This query returns data from multiple levels along the store dimension and accepts a parameter for the time dimension. If you examine the dataset returned by the query, you'll see that the dataset contains records at multiple aggregate levels, and that each level is represented as a field in the dataset. Since each record in the dataset consists of each field, if the field doesn't apply to that record, the field will contain a NULL value. For example, you can identify country level data by noticing that the state, city, and store fields are all left blank. This characteristic of the dataset is what you can use in the definition of the groups to filter out the appropriate rows for each group.

The next step uses the grouping capability of Reporting Services' tables, and filters the rows for each drill-down so that the Report Server only ends up grouping a single record. In order to enable the drill-down capability, add a table to the report and insert three groups in the table. These three groups correspond to the Country, State and City levels. The details section of the report is devoted to individual store records.

Once the groups are created, set the appropriate grouping expression based on the level of the data. The grouping expression for the country data would look like the following.

Aa902647.olapasandrs_05(en-us,SQL.80).gif

Next, use the filtering capabilities to limit the records included in the group. For example, on the country level group, the filtering options are set as follows.

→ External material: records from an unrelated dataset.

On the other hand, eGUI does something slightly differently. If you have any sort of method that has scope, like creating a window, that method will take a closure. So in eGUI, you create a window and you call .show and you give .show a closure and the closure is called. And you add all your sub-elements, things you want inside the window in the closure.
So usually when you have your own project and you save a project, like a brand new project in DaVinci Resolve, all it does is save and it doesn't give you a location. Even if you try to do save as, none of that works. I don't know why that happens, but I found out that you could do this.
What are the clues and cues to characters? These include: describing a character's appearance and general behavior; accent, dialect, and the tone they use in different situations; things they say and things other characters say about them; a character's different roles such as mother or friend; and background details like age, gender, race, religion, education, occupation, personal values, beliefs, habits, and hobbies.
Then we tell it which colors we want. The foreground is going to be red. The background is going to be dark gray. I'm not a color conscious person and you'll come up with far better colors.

Aa902647.olapasandrs_06(en-us,SQL.80).gif

By setting the filtering options in this manner, the only records left to be included in the group are the records in the dataset that correspond to the country level data, and there is only a single record for each country included in the dataset. Applying the LEN() VBA function to each field and using the AND condition for applying the filters allows you to filter out all of the records that don't belong to the particular level that the group represents. All of the other records in the dataset, the ones that correspond to city, state, and store level information, are filtered out. The net effect of grouping on the country level and filtering out all of the non-country level data is that the country level records in the dataset are returned in the report. To see this report in its entirety, see the MDXDrillDownManyLevels.rdl report included in the download.

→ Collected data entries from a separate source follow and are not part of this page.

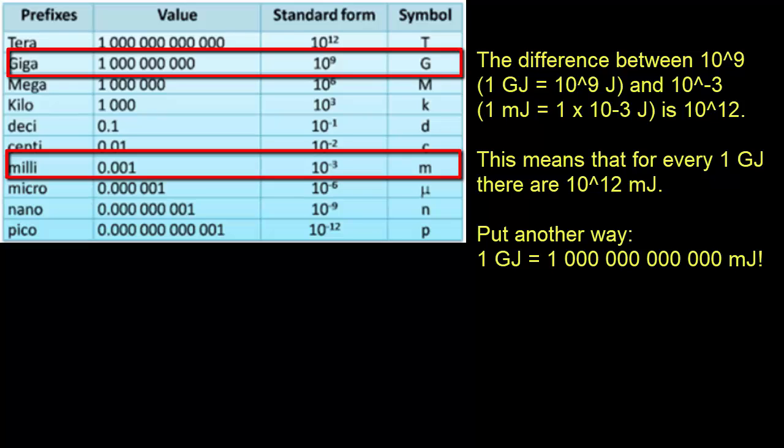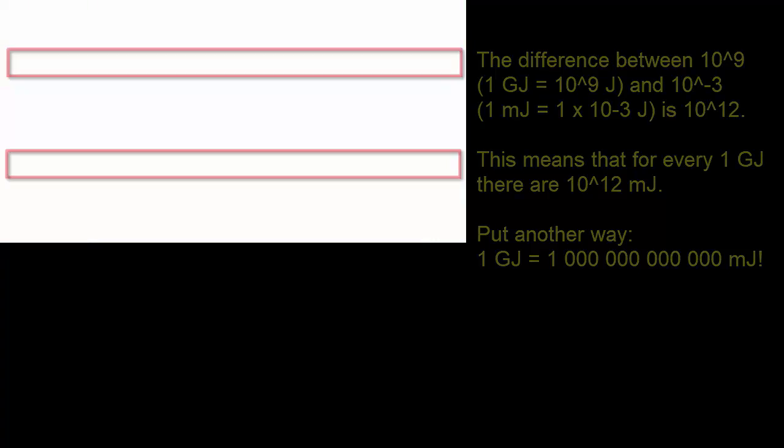We figure that out by saying, what's the difference between 10 to the power of 9 and 10 to the power of negative 3? We see that there's a difference of 10 to the power of 12. What that tells me is that 1 gigajoule is equal to 1 times 10 to the power of 12 millijoules.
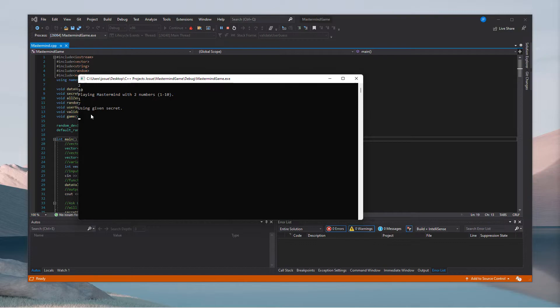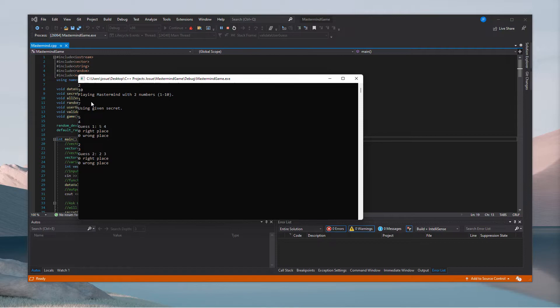We already know the secret is one and seven, but let's pretend we don't. Let's say five and four — the computer gives you a hint on which numbers are in the right place and which are in the wrong place. Five and four aren't in the secret at all. Let's try two and three — same result. So we try one and six, and it tells me one is in the right place and zero in the wrong place.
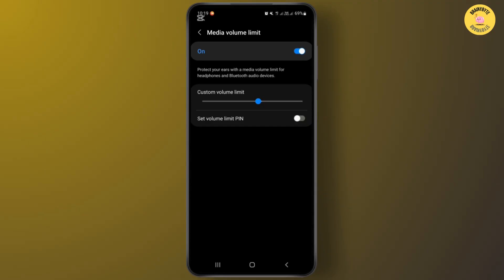This feature protects your ears with a media volume limit for headphones and Bluetooth audio devices. This is the process to swap headphones left and right on your Android phone.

The primary benefit of using this approach instead of returning data from the lowest possible level shown in the report is that for the higher levels in the report, you can return the MDX calculations and aggregates that are defined in the cube, rather than redefining the calculations in the report. For example, if you look at the "Measures Unit Sales" field in the layout pane of the report, the report that relies on a dataset consisting of just the lowest level data relies on the Reporting Services SUM() function to aggregate the data at the country, state, and city levels. In the latter example in which a dataset is returned that consists of multiple levels of data, the "Measures Unit Sales" column in the report refers to the field value returned in the dataset. No additional aggregation is required at the higher levels since Analysis Services has returned the data. The benefit of this last approach is that if you've invested a considerable amount of time in building calculations in MDX in your cubes, you can display those calculations without having to redefine them within the Reporting Services design environment.

Tip   To build "drill-down" reports against Analysis Services cubes, create a group for each level of the dimension included in the dataset and then filter the data in each group by using the LEN() function on each field to identify which records should be included in that level of the report. This method will reduce each group to just the records for that level.

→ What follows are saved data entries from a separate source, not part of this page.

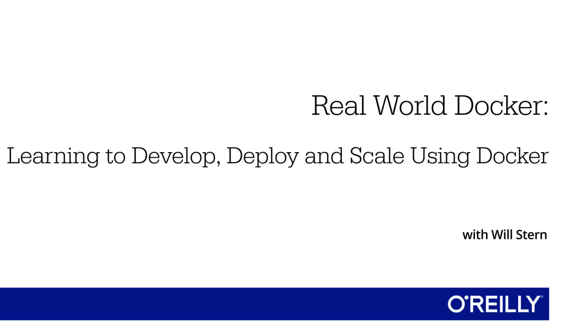To help you understand why Docker and microservices often get talked about together as if they were the same thing, I want to talk about why Docker is the perfect fit for microservices.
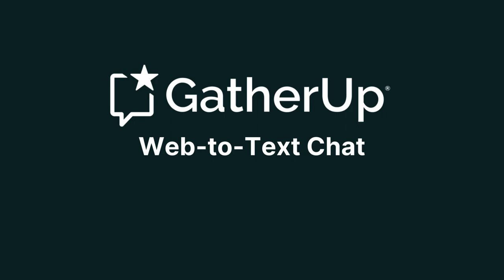For only $10 a month per location, you can use this Web to Text Chat widget and start converting your website visitors to customers faster than ever before.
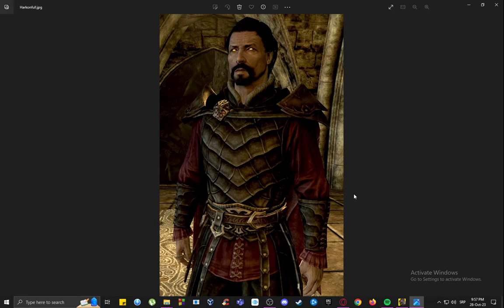Once you go there and complete it, you will be met with Serana, who is a vampire woman who will be carrying the Elder Scroll and will ask of you to go with her to Castle Volkihar, which is her family's castle.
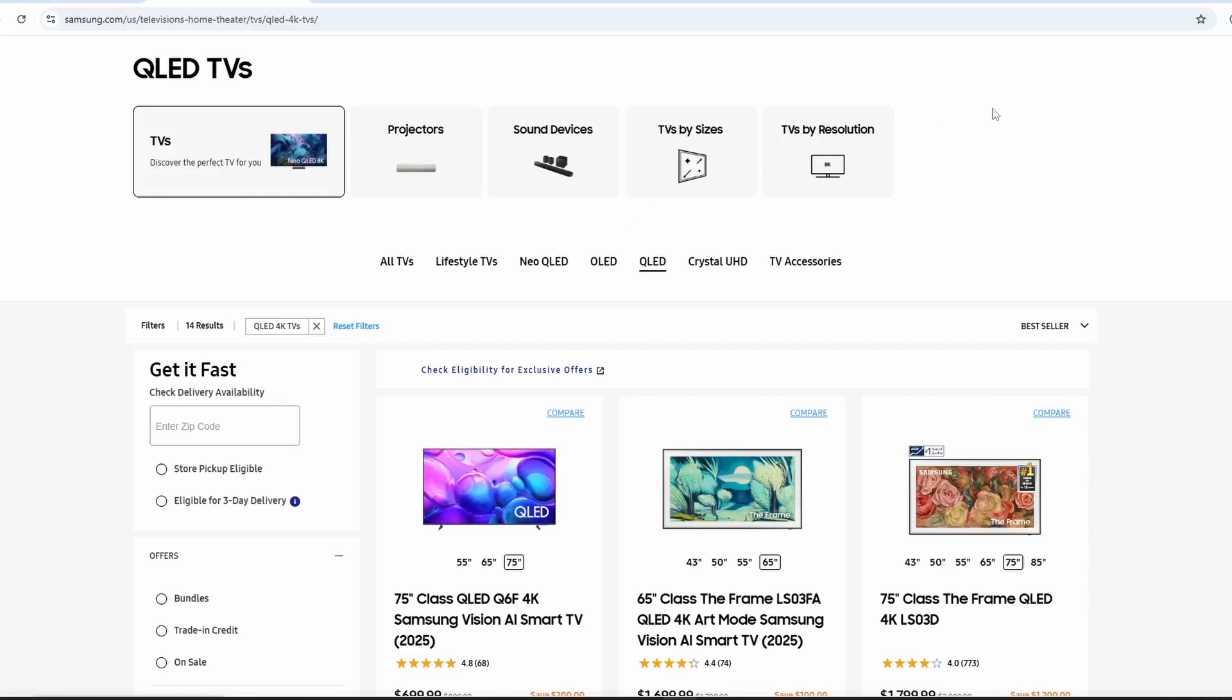Hey guys, welcome back. Are you shopping for a new TV? Then let's break down two popular choices, QLED and Crystal UHD.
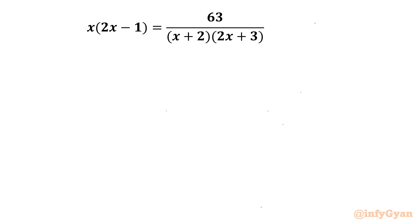Welcome back to Infigyan friends. In this video we are going to take up one very interesting algebraic equation: x times (2x minus 1) equal to 63 over (x plus 2) times (2x plus 3). We have to find out all possible solutions, real and complex.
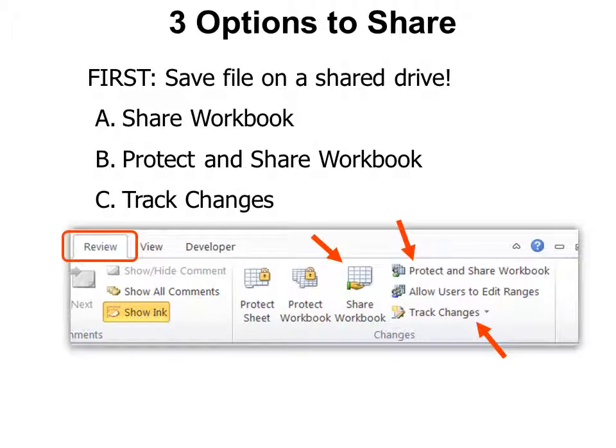There are three options to share, but first save the file on a shared drive. Then go to the Review tab and either choose Share Workbook, Protect and Share Workbook, or Track Changes.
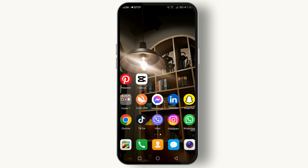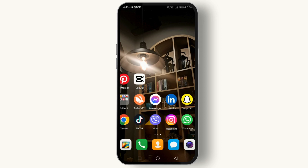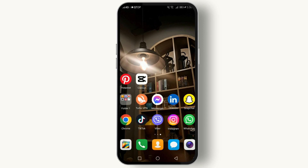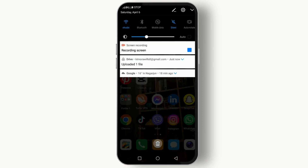This is crucial for the mirroring process to work seamlessly. Now let's walk through the steps. Swipe down from the top of your screen to access the Control Center. If you're using MIUI 11 or newer, you might have to swipe down from the top right corner.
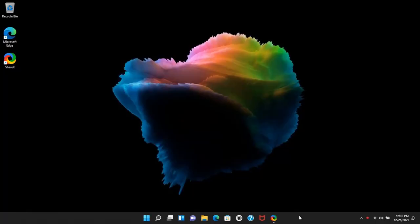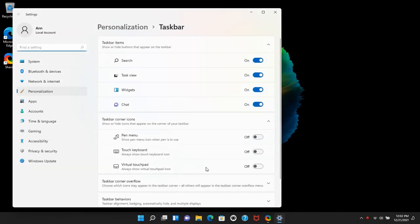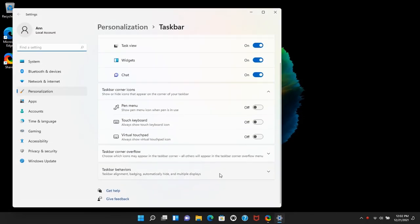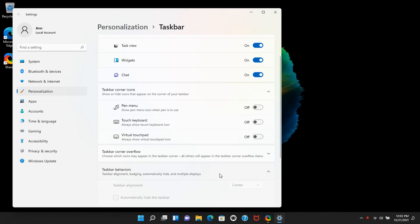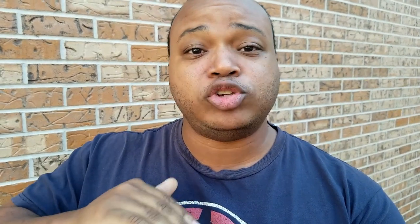First, take your cursor and move it to the taskbar and right-click on it. Click on taskbar settings. Then you'll have an option to pick taskbar behavior. Click on that dropdown and at the top you should see taskbar alignment.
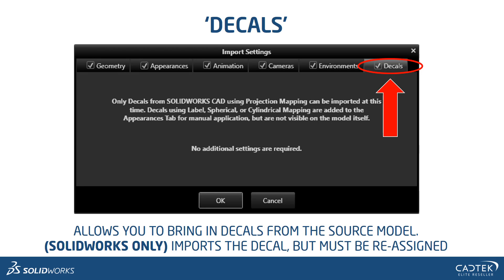Finally, we can bring in decals. Just a caveat here — the only decals that can be brought in and assigned automatically are projection mapped decals. It will also bring in decals that use spherical or cylindrical mapping, but we do need to specify those manually and reassociate them in the Visualize model itself.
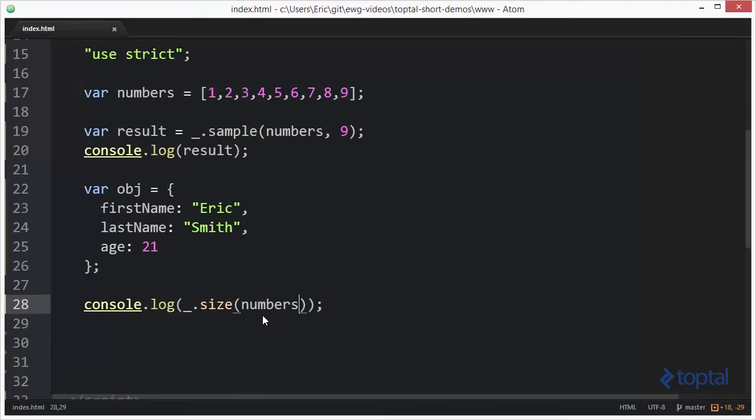So we have the size function to calculate the number of properties on an object or the length of the array. And we can also use the sample method to basically pull out a sampling of items from an array.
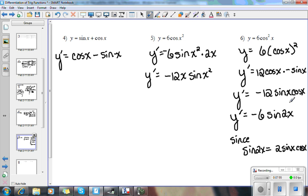You don't have to simplify it, but one instance where you might is if you were doing a multiple choice problem on the AP exam and your answer was in terms of sine 2x — then you would need to be able to make that jump and recognize it. So this would be worth knowing.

Adding "Drill-through" Capability to a Report

The concept of "drill-through" can mean different things depending on the technology being used. For those familiar with Analysis Services, drill-through represents the ability to return the detail records that contribute to the value of a cell. For Reporting Services, "drill-through" is the capability to jump from one report to another report when the user selects an action-enabled object on the report. It's quite possible to develop a report that uses the drill-through action type for Reporting Services to issue an Analysis Services DRILLTHROUGH MDX query, and it's also possible to use the drill-through action type of Reporting Services to return a report that returns data from Analysis Services without using the DRILLTHROUGH MDX statement. Sound confusing? Hopefully a couple of examples can help us understand the difference between the two, and how the two concepts can also be used together.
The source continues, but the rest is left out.